First, I apologize to the numbers matching and original parts only collectors. I am more of a "get what I wanted when I was younger" type, and like drivers that function good and have a few personal touches for appearance. 

Some of you know what I mean, and add stuff like bigger rear tires, jack up the rear end, put in bigger engines, etc. 

My 69 was originally a YS 350HP block. It is orginal color paint and interior, but no longer has the black vinyl top. The engine received a RAIII cam, header type exhaust manifolds, and heads from the previous owner.

I wanted functional Ram Air, but did not want to cut up the under hood frame, or buy and install all the 69 type parts, even though the cable would have been cool. My goal was functional ram air. I started with the stock dual snorkel air cleaner.










I kept the in the lower carb pan assembly so save a couple of hundred bucks on getting a 68 carb pan. I used a KN type 3inch x 14inch air filter just like the original size, and topped it with a breathing air cleaner lid of the same type. I had to change to stud to one about 1/2 inch longer. I did not foam seal off the lower carb pan.












I got a reproduction fiberglass 1968 ram air hood pan. I suggest spending the extra 150$ or so and getting the steel one. All the holes will be already in it, it will be stronger, and the tabs will make it easier to install. Aside from drilling five small holes in the underhood frame for the machine screws, you do not have to cut or mod your hood like for the 69 parts.










I added a repro air cleaner 400 4bl Ram Air decal to the hood pan, just because I felt like putting something on it. 

With all the ram air parts, and opened hood scoops, I felt no quilt adding the ram air decals. I can't tell you how many lemans or gtos I have seen with ram air or judge decals but none of the performance that goes with it. I am cool with "cloning" a better model, like putting a 454 in a Chevelle and then badging it a SS454 and putting on the cowl hood and rally stripes. We can't all fill our garages with factory original LS6 Chevelles or RAIV Judges, but we can rescue a rough Chevelle or take a GTO and build our own Judge or SS454 for fun and our own personal happiness.










Some of you probably picked up on the opened hood scoops that have been painted flat black instead of body color. Just a little touch I prefer even though not factory correct. I also painted the spoiler flat black for the same reason. Note the subtle other mod with the 70s front quarter gloss black decal on the flat black spoiler.

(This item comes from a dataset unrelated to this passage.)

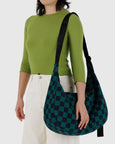 Baggu - Large Nylon Crescent Bag - Navy Green Check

I also plan on larger rear tires (it has 22570r14s on 14x6 rally IIs all the way around now). I was thinking of more like 25560 or 25570r15s on 15x7 rally IIs.
I am also thinking of either coil lift blocks or air shocks for another inch or two rake to the rear end. Finishing touches will be Firebird type downturned dual exhaust chrome splitter tips. Judge stripes are already on, and I may even add the spoiler and front quarter Judge decals. 

Purists please wait until I paste photos of all mods before flaming, it will be more efficient to get me for everything all at once.

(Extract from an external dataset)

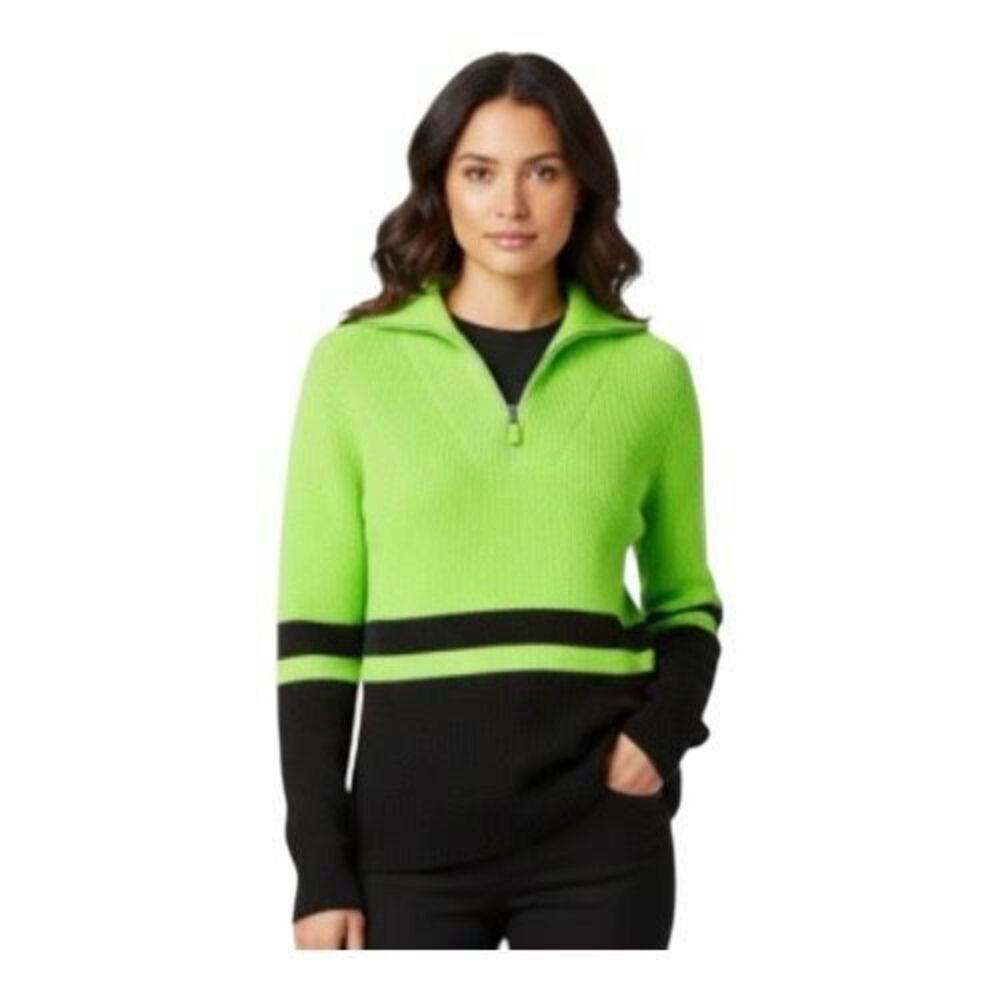 Lauren‎ Ralph Lauren Active Neon Green Black Striped Quarter Zip Sweater Small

Once I have finished the "fun" mods, I will need to roll the sleeves up, and get in a new heater core, decide if I want to get the factory AC working, get my interior lighting working right, get my passenger door opening from the outside, adjust the driver's side window, settle for the non working AM original radio- but get an underdash 8 track in there and working, etc.

By the time all that is done, it will probably be in need of restoration again.

If anyone has a good combo of rear tires and lift/rake for 15x7s on the back of a 69, please let me know. I think a good pair of air shocks will get me two inches, plus another inch or so for larger tires. If anyone has good luck with just the lift blocks, I would like to hear what you did. We all did it in high school, but I it did not help the ride/handling any if I remember right.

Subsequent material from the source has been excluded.